Cour d'honneur

16 mars 2022 / Envoi n°11 / Tirage 13 x 18
Pellicule n°68 / 14 juin 2015
Les samedis après midis d’aujourd’hui, on y voit un défilé pathétique. Des influenceurs en devenir, du moins l’espèrent-ils, se font tirer le portrait entre les cylindres des Deux Plateaux par des photographes qui ont besoin de bouffer.
Ils posteront la photo, qui sera likée parce que les algorithmes apprécient le contraste et savent reconnaître “les colonnes de Buren”. Moi je préfère y observer les gamins qui jouent, ils ne semblent pas alors souffrir l'influence du monde, comme ces deux mômes qui semblent si sages entre lecture et contemplation.

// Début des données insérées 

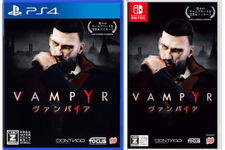 吸血鬼となった外科医の宿命描くホラーアクションRPG『Vampyr』国内PS4/スイッチ版発売決定！ 画像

En 1985 quand la cour d’honneur servait de parking aux employés du conseil constitutionnel, quelques comités avec tout ce qu’ils comptaient de sommités, avaient émis un avis négatif, l’œuvre envisagée serait trop moderne, trop intello. Sales gauchistes. Et aujourd’hui des influenceurs en marinière, ni modernes ni intello. Et l’œuvre qui est toujours là, dont on se dit que ce sera l’une des scènes parfaites où se joueront des concerts hommages le jour où Jack Lang ne sera plus.

Je n’y vais que rarement pour les colonnes, je fuis la cour d’honneur, j’y accélère le pas, trop pressé de voir si les musiciens ont pris possession de la place Colette, trop content de pouvoir flâner dans le jardin que je traverse méthodiquement en quelques allers retours pour ne rien en rater. Ce jour-là il y avait les musiciens sur la place Colette, il y avait une danseuse sous le péristyle de Montpensier, sans qu’on sache vraiment si l’on est dans ou sous un péristyle, enfin, moi je n’en sais rien. Il y avait la vie moderne et bruyante, joyeuse, loin des bisbilles des années 80. J’aime l’ambiance de ce jardin depuis toujours, depuis mon toujours, une vingtaine d’années de vie parisienne, et tellement de samedis après midis entre les passages du 2eme et la place Colette, dans un parcours millimétré que je répète à l’envie sans que l’envie ne s’estompe jamais vraiment, sûrement ma manière de ne pas être sous influence tout en restant bien dans mon époque.

Une semaine après ces photos, c’était la fête de la musique, Ibrahim Maalouf jouait dans le jardin du Palais Royal plein à ras bords, c’était une belle soirée, une soirée où le collectif fabriquait des souvenirs, c’était un moment précieux, à l’image de ce mois de juin 2015 et des souvenirs que je m’y suis créé.